Tournament information
- Dates: 19–25 March 2018
- Venue: Venue Cymru
- City: Llandudno
- Country: Wales
- Organisation: World Snooker
- Format: Ranking event
- Total prize fund: £380,000
- Winner's share: £125,000
- Highest break: Ronnie O'Sullivan (ENG) (143)

Final
- Champion: Ronnie O'Sullivan (ENG)
- Runner-up: Shaun Murphy (ENG)
- Score: 10–4

= 2018 Players Championship (snooker) =

Snooker tournament in Wales

The 2018 Players Championship (officially the 2018 Ladbrokes Players Championship) was a professional ranking snooker tournament that took place from 19 to 25 March 2018 at the Venue Cymru in Llandudno, Wales. It was the eighteenth ranking event of the 2017/2018 season.

Judd Trump was the defending champion, but he was beaten by Ronnie O'Sullivan 6–5 in the semi-finals.
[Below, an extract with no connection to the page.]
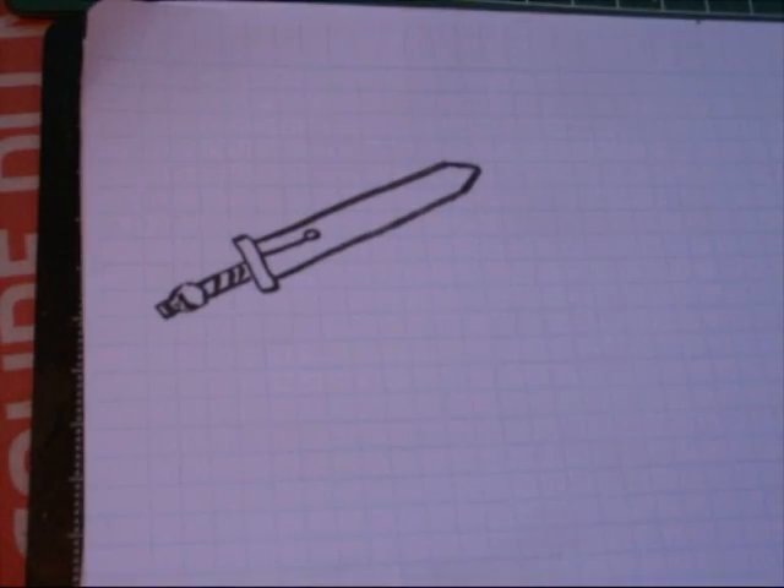Hey gamers, how are you today? Sorry I didn't post the video on how to paint the lighting effect on the power sword earlier — I was actually sick. I shot the video the day after my previous video but couldn't post it. Anyway, here it is. It's a really simple, basic effect you can use on any miniature, not just power swords — any lighting effect you want to do.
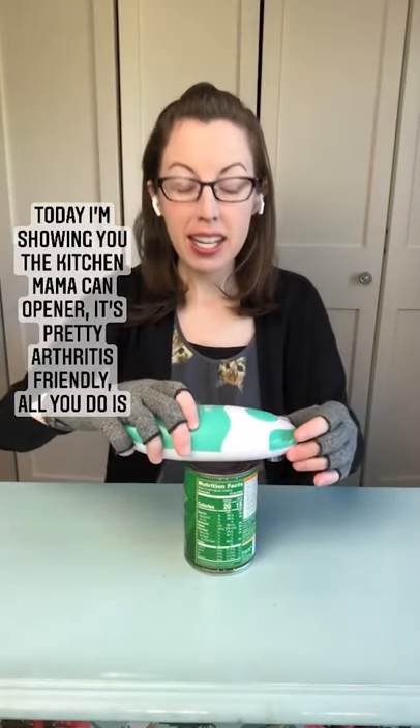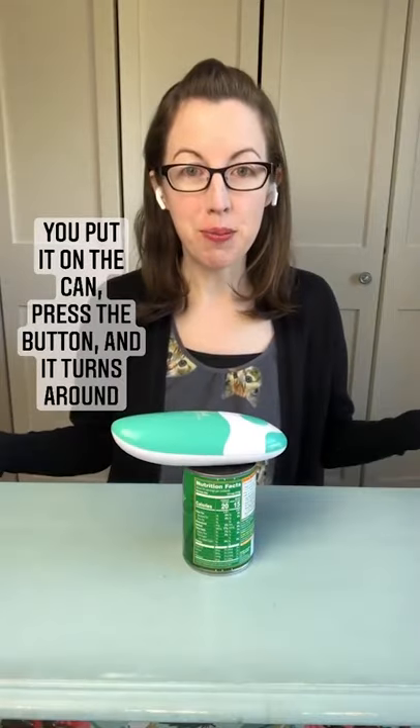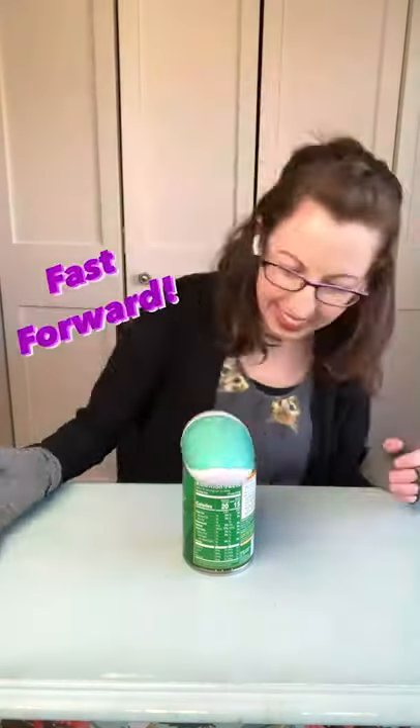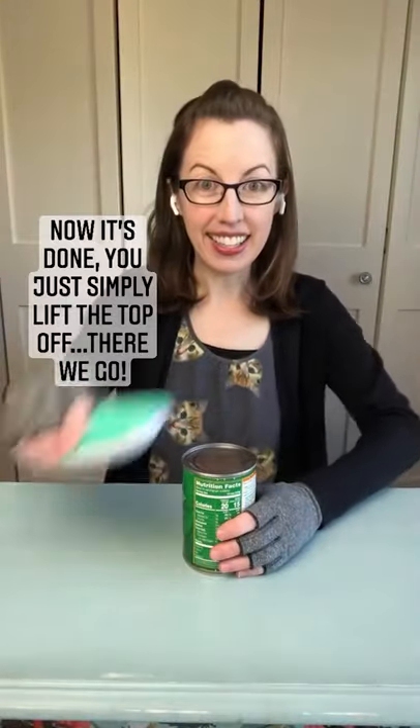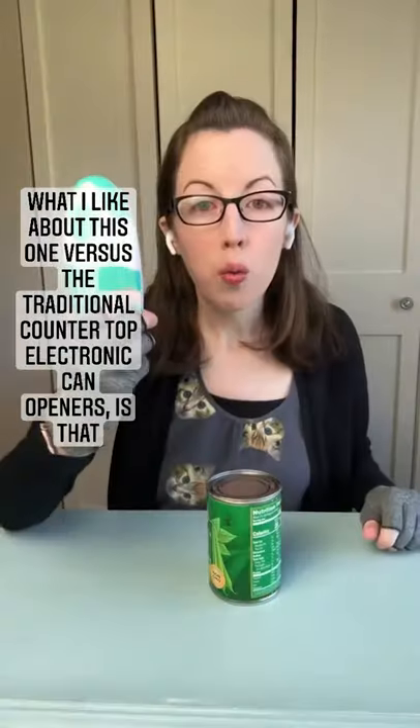Today I'm showing you the Kitchen Mama can opener. It's pretty arthritis friendly. All you do is you put it on the can, press the button, and it turns around. Now it's done and you just simply lift the top off.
Ronnie O'Sullivan captured his 33rd ranking title and fifth ranking title of the season by defeating Shaun Murphy 10–4 in the final, equalling the record of most ranking titles in a season shared by Stephen Hendry, Ding Junhui and Mark Selby.

==Prize fund==
The breakdown of prize money for this year is shown below:

- Winner: £125,000
- Runner-up: £50,000
- Semi-final: £30,000
- Quarter-final: £15,000
- Last 16: £10,000

- Highest break: £5,000
- Total: £380,000

The "rolling 147 prize" for a maximum break stood at £30,000

==Seeding list==
The seedings were conducted on the basis of the one-year ranking list up to and including the 2018 Gibraltar Open.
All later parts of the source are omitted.